This is what we lose when we allow education to become purely utilitarian, when we permit the question "When will I use this?" to drive curriculum, when we let students abandon subjects because they don't map onto obvious career paths. We lose the understanding that learning mathematics teaches you to think precisely, that studying history teaches you to analyze competing narratives and understand how context shapes interpretation, that reading literature teaches you to hold multiple perspectives simultaneously and to recognize that surface simplicity often conceals deep complexity.
These aren't separate skills that apply only within their domains. They're fundamental cognitive capacities that transfer across everything we'll ever do. The student who learns to parse a complex sentence in Latin develops the patience and attention to detail that will serve them later whether they become a lawyer reading contracts, a doctor reading case studies, or a parent reading between the lines of what their teenager is actually saying.
I often think of something Tocqueville had observed: "The Americans... are fond of explaining almost all the actions of their lives by the principle of self-interest rightly understood." We have become, perhaps, too American in this sense when it comes to education. We want everything to justify itself through immediate, tangible returns. We've lost patience for knowledge that doesn't obviously "do" something.

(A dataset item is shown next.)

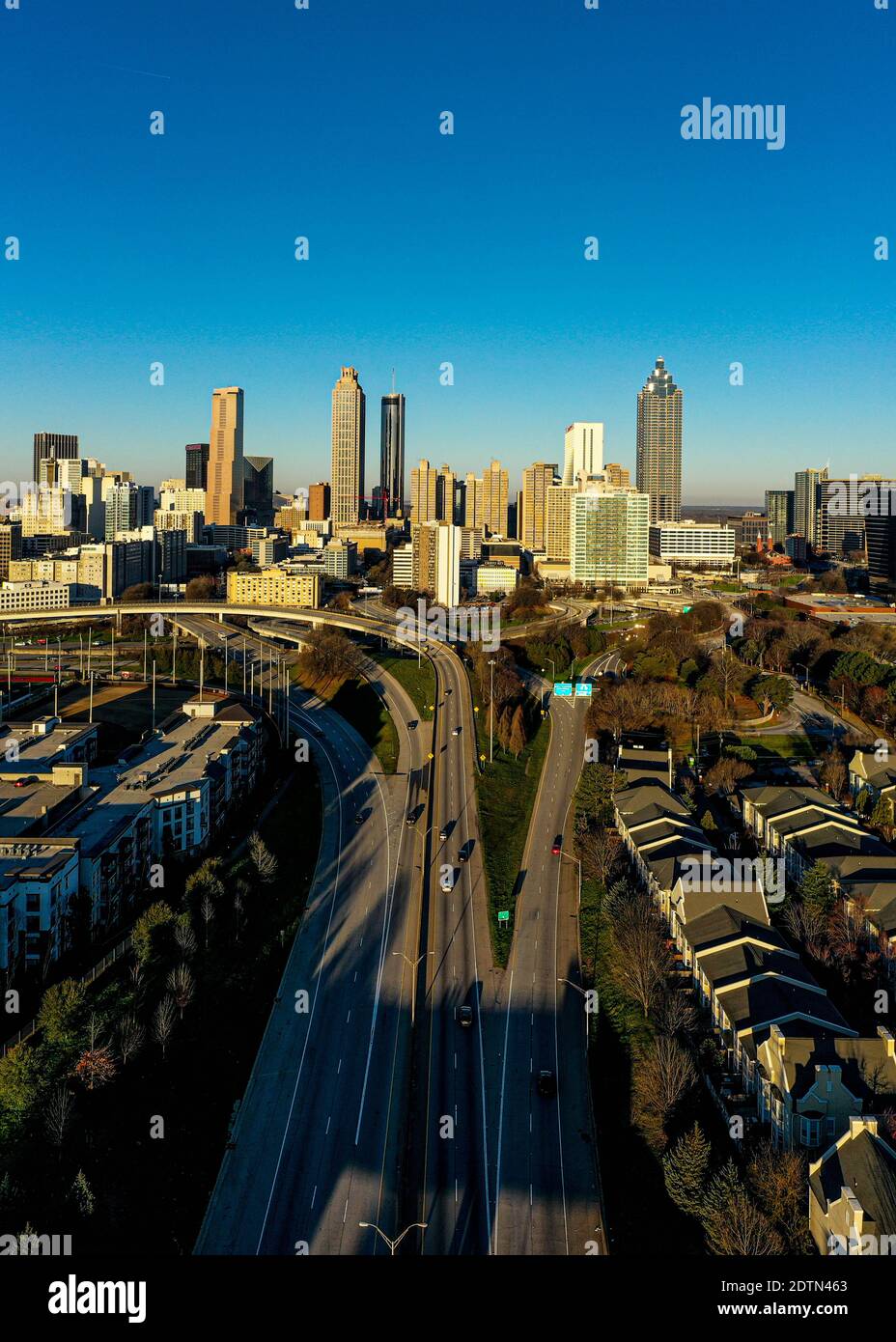 Atlanta Downtown Skyline Aerial Vertikales Panorama. USA, Atlanta 2020 , Georgia, Stockfoto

But the deepest forms of learning, the kinds that actually transform how a mind works, often appear useless at first. They're not training you for a specific task. They're training you to think in ways you didn't know were possible. They're expanding what your mind is capable of, not filling it with immediately deployable content.
When I work with the same students over multiple years, I watch this transformation happen. The student who resisted learning proofs in geometry because "I'll never use proofs" discovers, eighteen months later, that the logical reasoning they developed helps them structure debate arguments, or deconstruct political rhetoric, or simply think more clearly about complex decisions. The student who complained about analyzing poetry—"I'm going into business, why does this matter?"—finds that the skill of reading for subtext, for what's implied rather than stated, becomes invaluable in negotiation and leadership.
They didn't "use" geometry or poetry. They used what studying geometry and poetry trained their minds to do.
This is why I push back when parents ask me to help their children avoid "unnecessary" subjects, to optimize their schedule around what's "relevant" to their intended major or career. Not because every subject is equally important for every student—they're not—but because we cannot know, at the age of sixteen or seventeen, which intellectual capacities will prove essential later. We cannot predict which ways of thinking will suddenly become central to problems we haven't yet encountered.
The purpose of a broad education isn't to make you conversant in many subjects. It's to make your mind capable of many different kinds of thinking. It's to ensure that when you face a problem that requires historical analysis, or mathematical precision, or literary interpretation, or scientific reasoning, you have some practice in how to engage that kind of thinking. You have the cognitive flexibility to shift between frameworks, to recognize which mental tools a problem requires.
So when your child asks, or when you wonder, "Why do they need to learn this if they'll never use it?" I'd suggest reframing the question: "What is this teaching them about how to think? What cognitive capacity is being developed? What habit of mind is being formed?"
The content may be temporary. The capacity is permanent.